Le mois suivant, Pierre Baudis est réélu conseiller général de son canton, en centre-ville : « Son slogan de campagne était “Non à l’autoroute !”, sourit Jean Frébault. Il avait eu une fulgurance, une révélation ! ». Dans une interview accordée au journal Le Monde, il enfonce le clou : « J’ai choisi en faveur des piétons, contre l’automobile qui, s’y l’on n’y prend garde, finira par chasser les habitants des villes (…) Nous allons remettre en service des coches d’eau, mettre des bancs, planter des arbustes et des massifs de fleurs ». En lisant ces lignes, Jean Attali, incrédule, lâche à son adjoint : « Nous n’avons plus un maire, mais un jardinier ! ». Un jardinier qui, sitôt cette idée abandonnée, lancera un projet de voies rapides sur les berges de la Garonne, qui ne verront pas le jour. À ces deux exceptions près, le schéma de structure Badani est aujourd’hui achevé.

Busquets le différent

« Toulouse était en retard et son retard a sauvé son canal ! Certaines villes n’ont pas eu cette chance ! », se désole Jean Frébault, aujourd’hui membre du Conseil de Développement du Grand Lyon. À Lille, on a sacrifié les anciennes fortifications, à Strasbourg, la pénétrante des Halles déchire le centre ville, et à Lyon, le tunnel sous Fourvière est la saignée la plus agressive que l’on puisse imaginer. »

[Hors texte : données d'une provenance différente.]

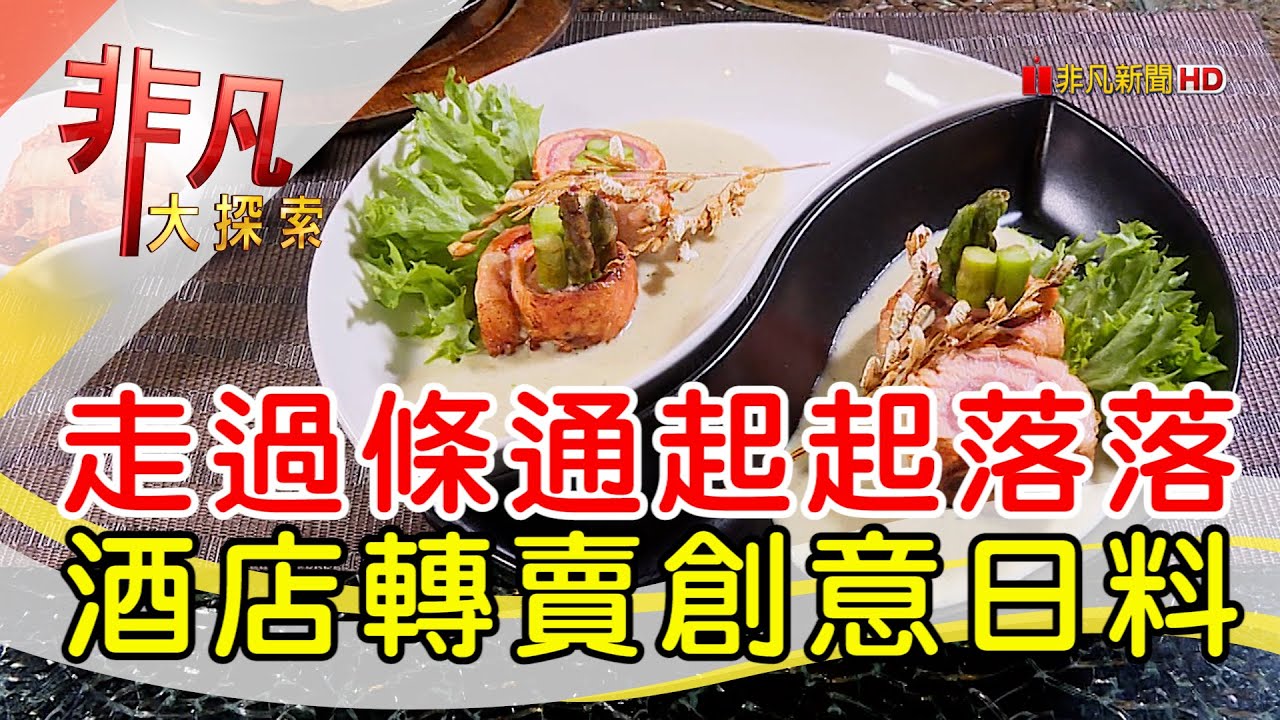 小鶴日本料理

« Il reste toutefois des traces méconnues de ce projet extravagant, révèle Alain Garès, directeur général d’Europolia, un ancien de l’agence d’urbanisme de Toulouse, aujourd’hui en charge des grands projets de la métropole : près du canal, certaines avenues sont très larges parce qu’elles étaient destinées à se brancher sur la future autoroute, via des échangeurs ».

En une décennie d’atermoiements, on aura causé aussi des dégâts irrémédiables. Pour anticiper un maximum de trafic automobile, de magnifiques ponts du XVIIIème siècle ont été démolis. « L’autoroute du canal devait arriver aux Ponts-Jumeaux : pour la raccorder à la rocade Ouest, on a détruit l’ancien stade Ernest Wallon », fait également remarquer Robert Marconis. « Aujourd’hui, tout cela serait impensable, reconnaît Jean-Luc Moudenc.  De Louis Bazerque, je retiendrai l’idée que la ville doit se transformer. Je suis aussi fidèle à Pierre Baudis, qui a voulu qu’on embellisse et qu’on préserve le patrimoine. » Dans son fauteuil de maire, il regarde les plans dessinés par l’urbaniste Joan Busquets : « Contrairement à certains de ses prédécesseurs, Busquets est quelqu’un de modeste et de nuancé : il fera évoluer Toulouse en respectant son histoire et ses hommes ».